Das Interface geht ja gar nicht übers Kabel (bzw. bei mir über WLAN), ich stelle das Interface ja dem Client auch zur Verfügung!


----------



## Bleiglanz (8. Jan 2006)

ah stimmt, war Quatsch

liegt die Datei Server_Stub.class im Ordner "server"?


----------



## paedubucher (8. Jan 2006)

Bleiglanz hat gesagt.:
			
		

> ah stimmt, war Quatsch
> 
> liegt die Datei Server_Stub.class im Ordner "server"?

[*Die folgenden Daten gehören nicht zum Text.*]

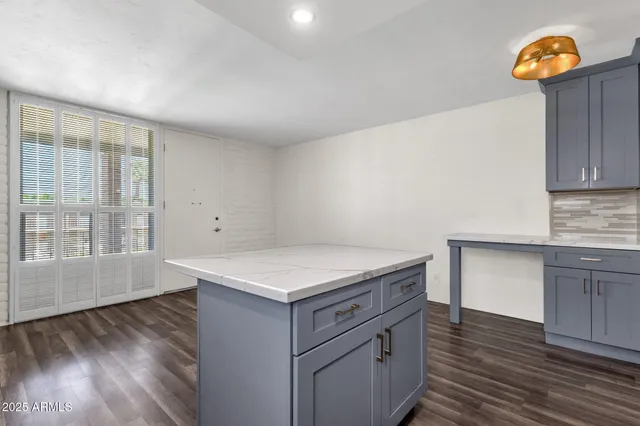 a kitchen with a wooden floor and a window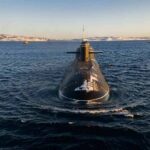 Submarine cruising on cold open water toward camera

In der Tat. Ich habe jetzt wenigstens mal den Server zum laufen gebracht:



> java -Djava.rmi.server.codebase=file:///home/paedubucher/programming/eclipse/Beispielapplikation/ -jar Server.jar



Nun kann ich den Client auch auf dem gleichen System erfolgreich ausführen. Wenn ich den Client jedoch auf einem anderen Rechner ausführen will, dann meldet er wiederum, dass er die Stub-Klasse nicht finden würde... komisch


----------



## Bleiglanz (8. Jan 2006)

gibts doch nicht?

ist der die _Stub.class auch wirklich im jar drinnen??


----------



## paedubucher (8. Jan 2006)

Bleiglanz hat gesagt.:
			
		

> gibts doch nicht?
> 
> ist der die _Stub.class auch wirklich im jar drinnen??



Ja, 100%-ig!

Beim Ausführen des Clients muss man ja wirklich nicht das Verzeichnis für den Server angeben, das wird ja alles per RMI-Registry gehandlet.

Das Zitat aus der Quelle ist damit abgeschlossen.